From the discussions I've seen the "wiffle ball theory" itself is not actually necessary for a polywell to hit breakeven, although it would make it easier.

Is that correct or have I missed some key discussions?

I'm not sure why it matters if the wiffle ball theory works or if that formulation is an oversimplification of the processes at work.

What matters is --will effects observed on WB-7 scale up or not? that's the question.

M. Simon said...

The wiffle ball is supposed to answer the question: why are the losses so much smaller than expected?

Roger said...

I occasionally am unreasoningly prone to wildly thinking we need more than one device being built or operated.

When undergoing these bouts I believe we need an Ln2 cooled device, a Whopper WB-100, and a dodec.

What do I know?

Loren said...

The wiffle ball, as I understand it, is a response by the magnetic field to the negative charge in the center. The electrons push back on the magnets, stretching them out and shrinking the cusps.
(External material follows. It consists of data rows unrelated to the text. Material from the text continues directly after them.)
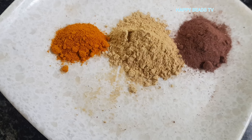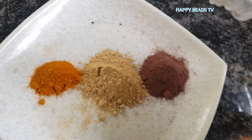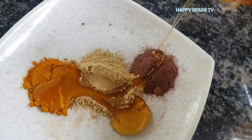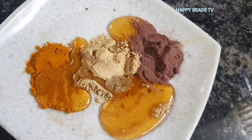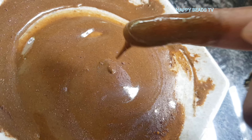We will have to mix the oil and mix it in a little bit. We will mix the oil in a very good way, and mix it in a little bit.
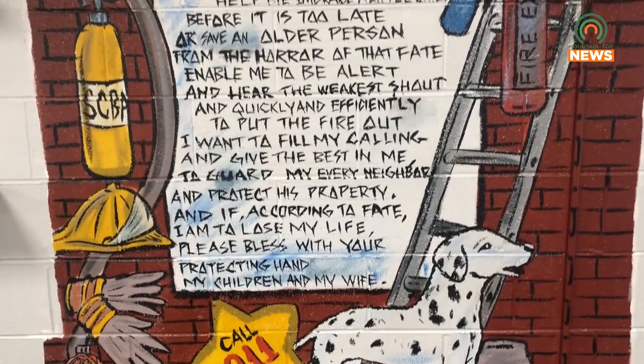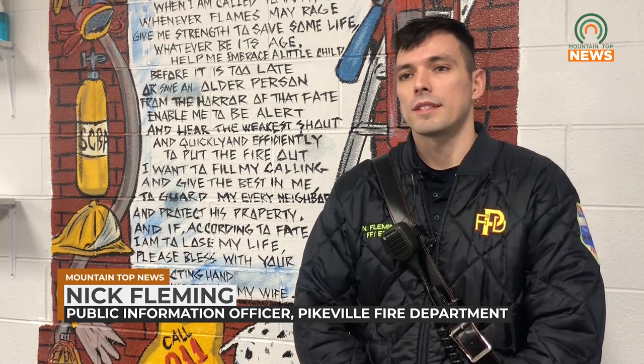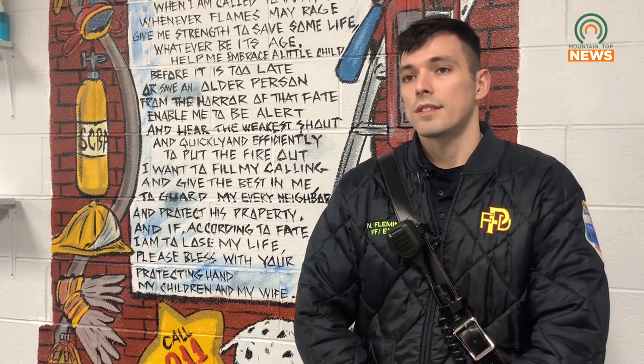Despite the upgrades to the center, the department ensured the history of the center was preserved. Of course the building did need updated, but one thing the chief and myself were really big on was keeping the history of the department. So if you look behind me here, we have some memorials throughout the building that we decided to keep, that were hand painted, and so we're very proud to have those. I feel like it is important to keep the history and to preserve that and show it on display.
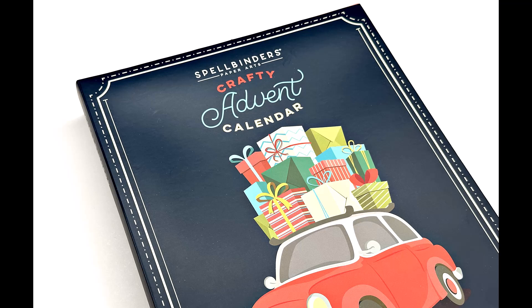Hello friends, it's Christy Marcotte. It's time for the December 23rd reveal of Spellbinder's Crafty Advent Calendar.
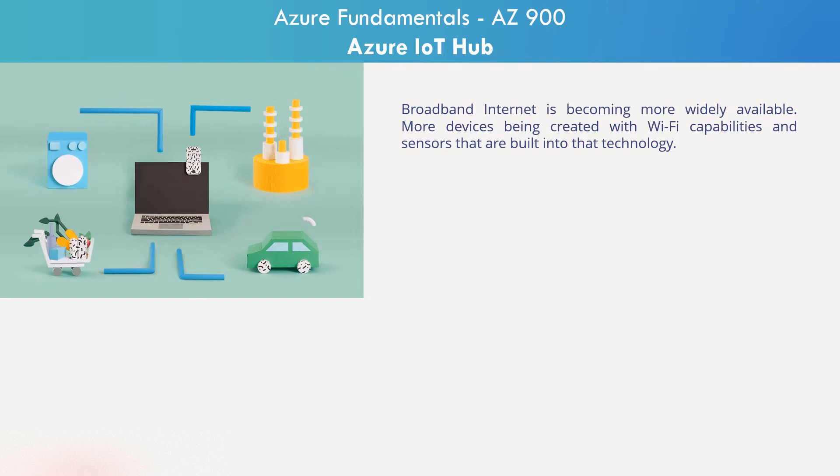Broadband Internet is becoming more widely available. The cost of connecting is decreasing, and more devices are being created with Wi-Fi capabilities and sensors that are built into that technology. Costs are going down. The smartphone penetration is skyrocketing.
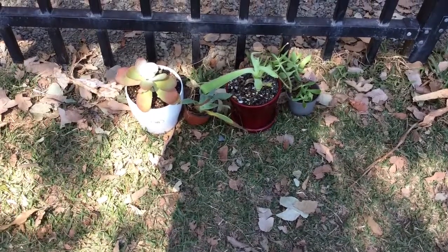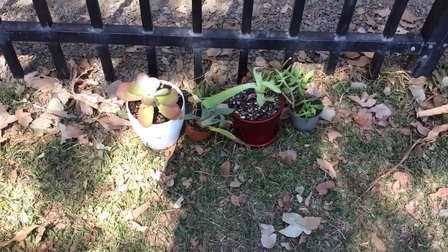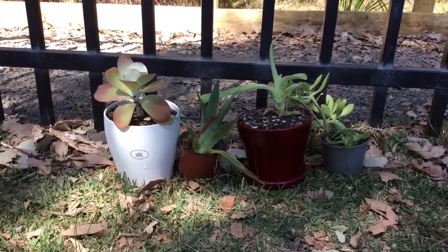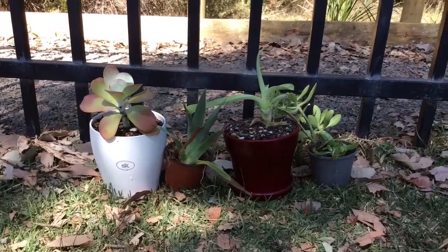These are some of our plants — well, they're prototypes, but we have lots more in stock. And we're going to be selling all of them, that's if you want to buy them.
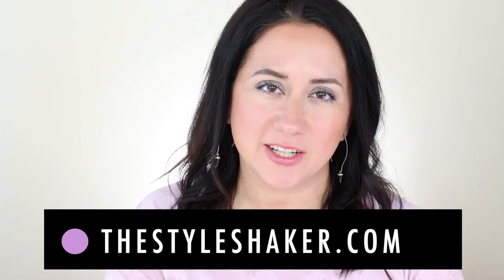Hey everybody, welcome back to the channel. I am Britt, creator of The Style Shaker, your guide to cleaner, greener beauty, skincare, and more. I try products out for you and share my honest reviews so you know what to buy — and more importantly, what not to buy.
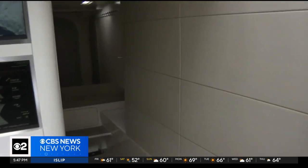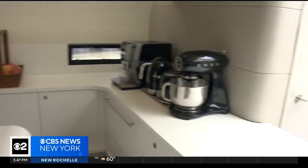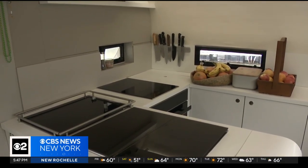It's definitely tight quarters living on the boat year-round, but the crew has a decent-sized kitchen that they make good use of.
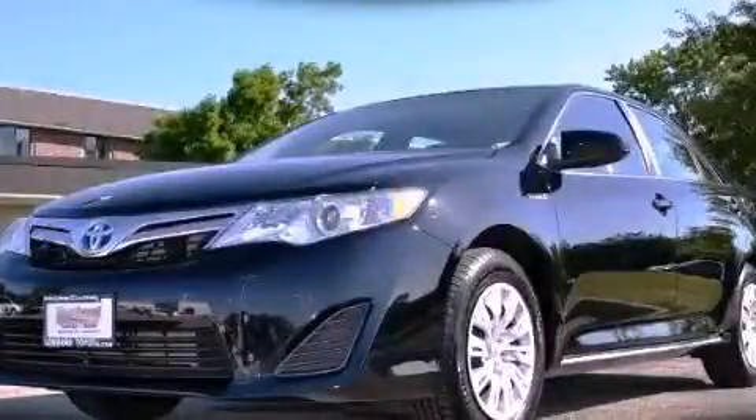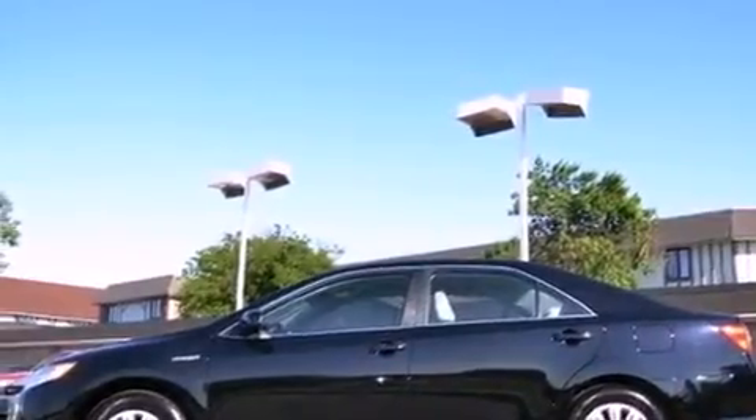This is a certified pre-owned 2012 Toyota Camry Hybrid. It has a 2.5-liter four-cylinder engine and a continuous variable transmission.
Provided you can look at the shape of the magnetic field, coudln't you simply make a small polywell(perhaps even use some of the earlier machines), put a negative grid in the middle like in a Farnsworth(or is it the other one?), and measure the field at varying levels of charge in the grid?

The grid wouldn't really matter in this case, since you're not running ions in this machine, you're simply looking at how the magnetic fields respond to the electrical charge in the center.

M. Simon said...

Loren,

That experiment (characterization of the Wiffle Ball) is currently being done on WB-7.1.